The area where there’s probably the greatest disagreement amongst his biographers on the matter is his beliefs in 1859 at the time of writing the Origin, not least because this influences how one reads the few religious references in it. Are these essentially the expression of a Deist or a few concessions to the expectations of his intended readership by someone who no longer has a belief in God and would rather avoid the issue? At roughly the same time, there’s the long exchange of letters with Asa Gray on the religious implications of the theory. In these, as he was to repeatedly state when asked thereafter, Darwin states that he sees no necessary conflict between the theory and Christianity and he entirely respects Gray’s hope to reconcile his own beliefs. But he also makes it clear that he personally sees nature as undesigned.
As already noted, once Huxley had invented the term, he consistently described himself as an agnostic. All the major recent biographers - Desmond, Moore and Browne, including in their major joint entry on him in the new Oxford DNB - take this as the best description of him in the last few decades of his life.

[An aside: given that Darwin’s religious views have often been analysied as in tension with his wife’s piety, it’s one of the more striking suggestions in the second volume of Browne’s biography that she argues that Emma may herself have had major doubts, though these faded after his death. ]

And my post was directly relevant to yours. Your demand for a mechanism by which God came into existence is a red herring. And I pointed that out. No explanation for the origin of species has ever required anyone to postulate the existence of God, and the soundness of any scientific theory has zippo to do witht the existence of God. You therefore introduced the irrelevancy in your post, and now that it has been addressed, you claim it was necessary to introduce it. It wasn’t.

http://mathworld.wolfram.com/PeanosAxioms.html

I’ll bite, Lib. How does the possibility of God’s existence follow from Peano’s axioms? Or are you saying that they demonstrate that His existence follows from His possibility?
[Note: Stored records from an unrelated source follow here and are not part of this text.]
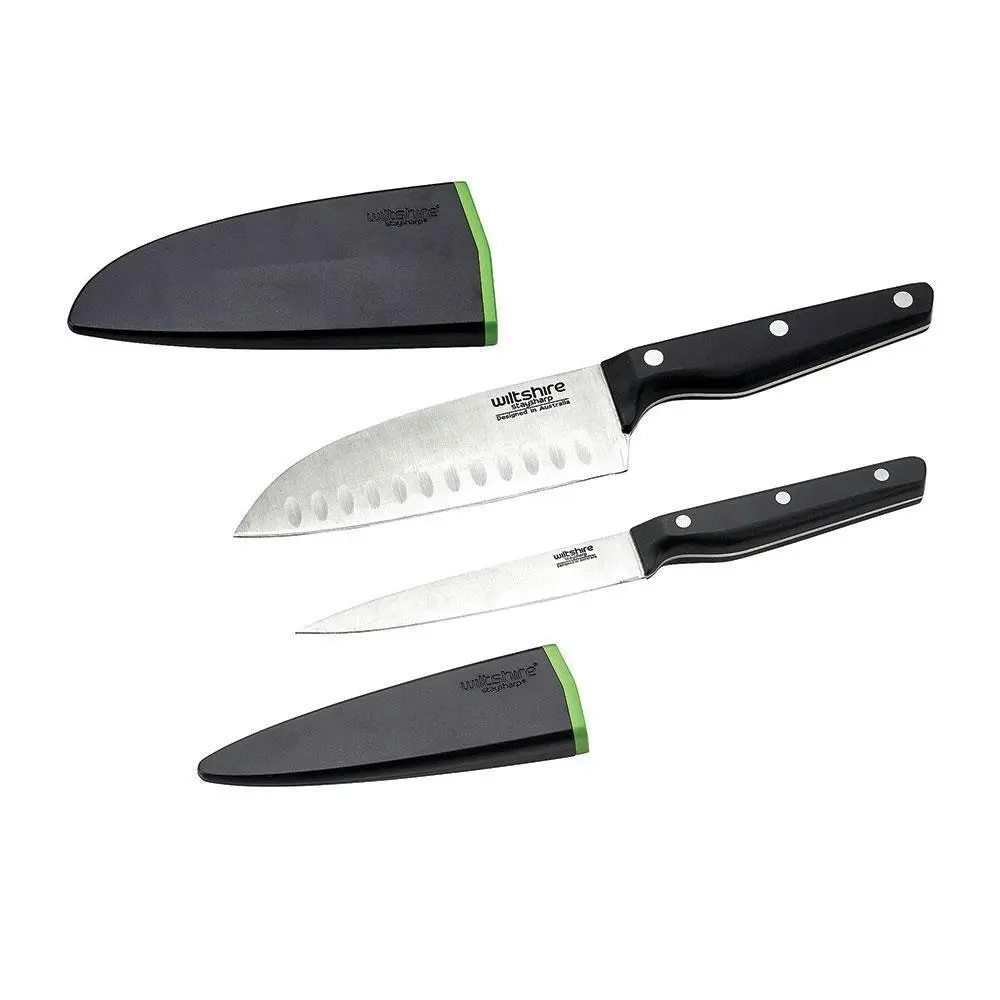 Wiltshire Staysharp Duo Triple Rivet 2pc Utility Santoku Knife Set 41607 - Home & Garden
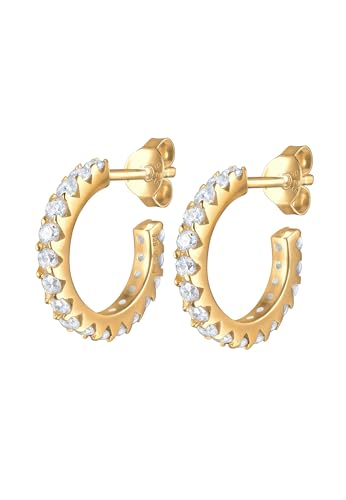 Elli Ohrringe Damen Creolen Geo mit Zirkonia Kristalle in 925 Sterling Silber vergoldet von Elli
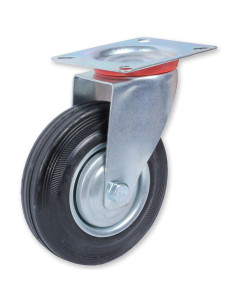 Tradineur - Rueda giratoria para muebles, goma y hierro, incluye placa de montaje, rueda de transporte para cargas pesadas, indu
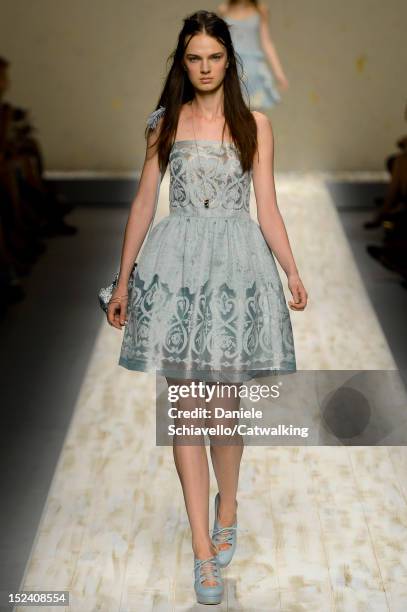 Model walks the runway at the Blugirl Spring Summer 2013 fashion show during Milan Fashion Week on September 20, 2012 in Milan, Italy.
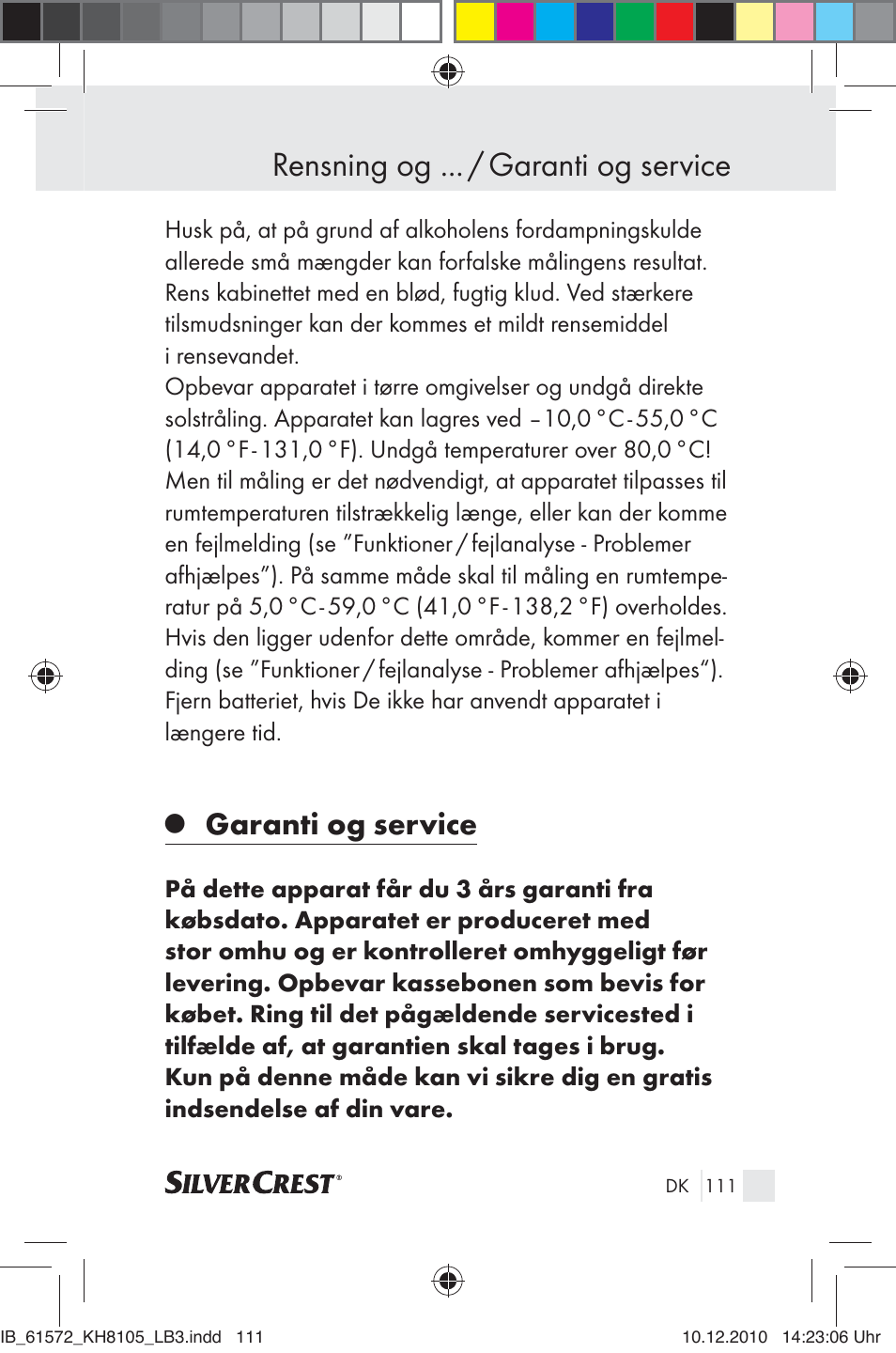 Rensning og ... / garanti og service, Garanti og service | Silvercrest KH 8105 User Manual | Page 109 / 114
<Anakin/Vader> Nooooooooooooooooooo! </Anakin/Vader>

You’re going to have to explain that one to me as well.

I would contend that in order to prove possibility, you first have to prove necessity, i.e. you have to prove the universe can’t exist without God. If the universe can exist without God (and no reason has ever been shown why it can’t) then God is superfluous, and a superfluous (i.e. unnecessary) God cannot possibly exist.

Of course, even this still leaves out all the usual problems the OA has with trying to define “God” in the first place.

Does the word “watchmaker” ring any bells?

Right. “Pure” atheists were rare and controversial back then. Most would have been Deists, or “doubters”, since "agnostic’ was a term coined around Darwins time.

I’m saying that it is absurd to ask for a cite for a premise. Peano used five of them. Dio now has an opportunity to ask for a cite for each.